WHAT THE EXERCISE ASKS: All lines with the word "Street" are to be found and copied from the listing.

RECORDS TO USE:
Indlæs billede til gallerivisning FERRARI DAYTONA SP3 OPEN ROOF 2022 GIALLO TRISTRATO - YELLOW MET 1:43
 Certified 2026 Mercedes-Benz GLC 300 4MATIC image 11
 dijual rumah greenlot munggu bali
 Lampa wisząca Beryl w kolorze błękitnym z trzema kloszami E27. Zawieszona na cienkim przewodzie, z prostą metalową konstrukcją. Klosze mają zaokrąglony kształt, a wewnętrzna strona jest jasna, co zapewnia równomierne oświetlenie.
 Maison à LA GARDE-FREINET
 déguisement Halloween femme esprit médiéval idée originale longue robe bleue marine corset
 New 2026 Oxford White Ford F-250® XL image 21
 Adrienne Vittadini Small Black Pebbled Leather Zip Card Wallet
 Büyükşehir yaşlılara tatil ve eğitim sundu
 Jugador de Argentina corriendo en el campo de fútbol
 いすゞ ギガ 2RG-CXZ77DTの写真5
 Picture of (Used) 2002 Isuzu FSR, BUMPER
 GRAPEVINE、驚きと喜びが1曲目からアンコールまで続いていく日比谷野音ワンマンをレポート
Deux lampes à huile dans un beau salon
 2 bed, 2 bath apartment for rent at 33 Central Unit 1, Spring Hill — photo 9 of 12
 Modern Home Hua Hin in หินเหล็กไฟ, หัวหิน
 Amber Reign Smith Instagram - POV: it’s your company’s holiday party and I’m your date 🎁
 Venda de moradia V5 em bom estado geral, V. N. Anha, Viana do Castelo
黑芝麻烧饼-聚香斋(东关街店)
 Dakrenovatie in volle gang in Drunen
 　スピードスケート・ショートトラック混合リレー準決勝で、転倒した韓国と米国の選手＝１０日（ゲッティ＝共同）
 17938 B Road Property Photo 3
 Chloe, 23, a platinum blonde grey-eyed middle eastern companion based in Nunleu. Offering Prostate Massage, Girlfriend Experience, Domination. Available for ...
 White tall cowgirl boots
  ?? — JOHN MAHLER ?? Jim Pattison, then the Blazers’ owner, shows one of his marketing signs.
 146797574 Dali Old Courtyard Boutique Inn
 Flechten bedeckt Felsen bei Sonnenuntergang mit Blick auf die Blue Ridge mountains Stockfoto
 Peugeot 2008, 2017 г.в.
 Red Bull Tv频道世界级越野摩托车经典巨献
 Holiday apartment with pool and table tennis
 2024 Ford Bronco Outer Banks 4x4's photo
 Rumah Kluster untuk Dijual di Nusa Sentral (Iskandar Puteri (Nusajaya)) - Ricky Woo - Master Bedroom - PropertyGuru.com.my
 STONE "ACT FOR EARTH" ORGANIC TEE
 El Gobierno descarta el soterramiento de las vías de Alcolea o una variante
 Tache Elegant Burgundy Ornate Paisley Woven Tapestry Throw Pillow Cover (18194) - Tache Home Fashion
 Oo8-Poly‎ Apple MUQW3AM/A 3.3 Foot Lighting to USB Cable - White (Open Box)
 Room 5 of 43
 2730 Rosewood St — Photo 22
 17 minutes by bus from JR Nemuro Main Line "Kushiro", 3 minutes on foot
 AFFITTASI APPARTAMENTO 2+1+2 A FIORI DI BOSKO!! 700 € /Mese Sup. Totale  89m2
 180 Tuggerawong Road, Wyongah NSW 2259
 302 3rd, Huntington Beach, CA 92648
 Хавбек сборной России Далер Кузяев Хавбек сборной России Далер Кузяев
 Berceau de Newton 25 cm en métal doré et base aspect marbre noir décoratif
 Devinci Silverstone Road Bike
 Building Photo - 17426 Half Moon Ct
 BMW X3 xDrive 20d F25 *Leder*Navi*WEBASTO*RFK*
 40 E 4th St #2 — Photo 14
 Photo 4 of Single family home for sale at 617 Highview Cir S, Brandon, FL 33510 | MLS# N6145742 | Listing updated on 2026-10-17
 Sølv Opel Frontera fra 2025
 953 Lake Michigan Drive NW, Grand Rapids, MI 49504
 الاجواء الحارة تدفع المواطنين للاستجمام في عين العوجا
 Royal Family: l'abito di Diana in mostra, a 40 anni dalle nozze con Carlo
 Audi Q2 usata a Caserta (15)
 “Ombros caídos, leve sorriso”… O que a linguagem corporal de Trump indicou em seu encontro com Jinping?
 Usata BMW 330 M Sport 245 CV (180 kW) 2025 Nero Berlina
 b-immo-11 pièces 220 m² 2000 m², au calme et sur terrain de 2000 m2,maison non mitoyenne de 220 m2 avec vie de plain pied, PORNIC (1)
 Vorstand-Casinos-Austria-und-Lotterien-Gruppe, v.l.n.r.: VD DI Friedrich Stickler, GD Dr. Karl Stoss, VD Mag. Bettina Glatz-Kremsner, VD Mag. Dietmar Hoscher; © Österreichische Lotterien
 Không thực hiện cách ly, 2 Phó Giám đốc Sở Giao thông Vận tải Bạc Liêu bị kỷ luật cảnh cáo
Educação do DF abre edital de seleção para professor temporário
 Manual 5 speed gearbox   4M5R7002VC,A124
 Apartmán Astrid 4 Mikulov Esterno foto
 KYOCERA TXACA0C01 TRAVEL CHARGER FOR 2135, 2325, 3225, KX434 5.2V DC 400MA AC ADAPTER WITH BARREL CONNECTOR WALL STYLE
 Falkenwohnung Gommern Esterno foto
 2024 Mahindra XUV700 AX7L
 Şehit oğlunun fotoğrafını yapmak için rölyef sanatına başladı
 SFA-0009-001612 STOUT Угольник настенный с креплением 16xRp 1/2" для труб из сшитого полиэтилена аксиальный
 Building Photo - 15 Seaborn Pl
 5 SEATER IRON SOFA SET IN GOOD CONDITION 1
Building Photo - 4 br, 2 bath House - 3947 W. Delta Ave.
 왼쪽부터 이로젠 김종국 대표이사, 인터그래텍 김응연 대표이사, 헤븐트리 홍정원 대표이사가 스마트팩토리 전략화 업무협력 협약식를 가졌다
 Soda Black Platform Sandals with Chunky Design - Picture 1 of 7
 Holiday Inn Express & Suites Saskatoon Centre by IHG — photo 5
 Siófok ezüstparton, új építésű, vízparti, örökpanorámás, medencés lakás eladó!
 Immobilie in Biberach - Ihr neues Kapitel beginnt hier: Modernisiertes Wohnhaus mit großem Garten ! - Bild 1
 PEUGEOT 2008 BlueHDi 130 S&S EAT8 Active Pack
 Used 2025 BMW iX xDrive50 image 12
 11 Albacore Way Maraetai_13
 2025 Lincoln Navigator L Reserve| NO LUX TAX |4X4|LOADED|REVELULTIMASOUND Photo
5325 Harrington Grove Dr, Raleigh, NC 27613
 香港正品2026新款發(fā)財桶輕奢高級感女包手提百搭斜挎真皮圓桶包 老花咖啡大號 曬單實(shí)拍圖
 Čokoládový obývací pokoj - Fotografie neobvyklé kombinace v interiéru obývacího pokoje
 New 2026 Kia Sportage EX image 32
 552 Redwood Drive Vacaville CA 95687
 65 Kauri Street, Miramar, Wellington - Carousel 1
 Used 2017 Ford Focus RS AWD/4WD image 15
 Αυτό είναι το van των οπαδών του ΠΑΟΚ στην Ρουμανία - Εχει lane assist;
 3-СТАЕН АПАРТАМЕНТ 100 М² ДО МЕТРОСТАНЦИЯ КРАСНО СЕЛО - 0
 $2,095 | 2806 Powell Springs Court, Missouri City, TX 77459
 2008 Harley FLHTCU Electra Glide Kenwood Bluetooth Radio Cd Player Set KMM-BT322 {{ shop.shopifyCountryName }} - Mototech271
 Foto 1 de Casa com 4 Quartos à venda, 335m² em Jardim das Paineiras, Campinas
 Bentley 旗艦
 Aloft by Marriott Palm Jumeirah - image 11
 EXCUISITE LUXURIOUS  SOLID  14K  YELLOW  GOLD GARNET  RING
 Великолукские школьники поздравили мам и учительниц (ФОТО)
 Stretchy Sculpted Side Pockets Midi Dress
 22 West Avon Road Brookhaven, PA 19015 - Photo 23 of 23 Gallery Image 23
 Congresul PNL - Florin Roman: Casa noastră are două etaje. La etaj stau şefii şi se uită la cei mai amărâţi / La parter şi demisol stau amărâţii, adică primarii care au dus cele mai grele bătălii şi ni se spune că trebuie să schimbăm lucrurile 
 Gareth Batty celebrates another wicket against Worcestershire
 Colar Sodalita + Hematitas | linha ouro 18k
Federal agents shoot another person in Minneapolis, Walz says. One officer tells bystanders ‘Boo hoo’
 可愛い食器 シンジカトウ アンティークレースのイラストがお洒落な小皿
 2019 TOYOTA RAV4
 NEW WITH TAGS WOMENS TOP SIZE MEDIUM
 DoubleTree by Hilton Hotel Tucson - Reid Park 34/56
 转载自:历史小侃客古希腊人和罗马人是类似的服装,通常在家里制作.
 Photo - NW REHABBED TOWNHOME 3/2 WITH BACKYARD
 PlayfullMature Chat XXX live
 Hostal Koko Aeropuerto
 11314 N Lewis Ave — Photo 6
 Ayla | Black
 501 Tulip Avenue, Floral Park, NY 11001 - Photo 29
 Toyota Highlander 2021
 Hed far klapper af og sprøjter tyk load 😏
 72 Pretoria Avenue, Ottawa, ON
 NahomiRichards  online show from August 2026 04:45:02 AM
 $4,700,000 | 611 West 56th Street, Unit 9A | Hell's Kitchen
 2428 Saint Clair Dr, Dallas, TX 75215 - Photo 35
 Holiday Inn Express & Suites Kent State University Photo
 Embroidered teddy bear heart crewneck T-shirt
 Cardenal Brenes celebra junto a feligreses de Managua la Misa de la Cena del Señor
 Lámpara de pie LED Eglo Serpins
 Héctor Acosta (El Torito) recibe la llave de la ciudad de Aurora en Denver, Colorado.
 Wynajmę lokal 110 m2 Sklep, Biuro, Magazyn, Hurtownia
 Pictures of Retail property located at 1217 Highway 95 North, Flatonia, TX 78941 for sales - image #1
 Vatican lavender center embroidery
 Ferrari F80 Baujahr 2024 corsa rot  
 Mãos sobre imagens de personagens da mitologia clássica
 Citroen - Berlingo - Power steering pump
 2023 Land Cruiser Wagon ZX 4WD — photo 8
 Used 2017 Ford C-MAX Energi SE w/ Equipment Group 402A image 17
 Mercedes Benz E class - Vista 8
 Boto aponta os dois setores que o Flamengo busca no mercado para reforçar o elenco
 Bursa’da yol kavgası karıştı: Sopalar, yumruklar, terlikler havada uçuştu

RESULT BELOW:
 65 Kauri Street, Miramar, Wellington - Carousel 1
 $4,700,000 | 611 West 56th Street, Unit 9A | Hell's Kitchen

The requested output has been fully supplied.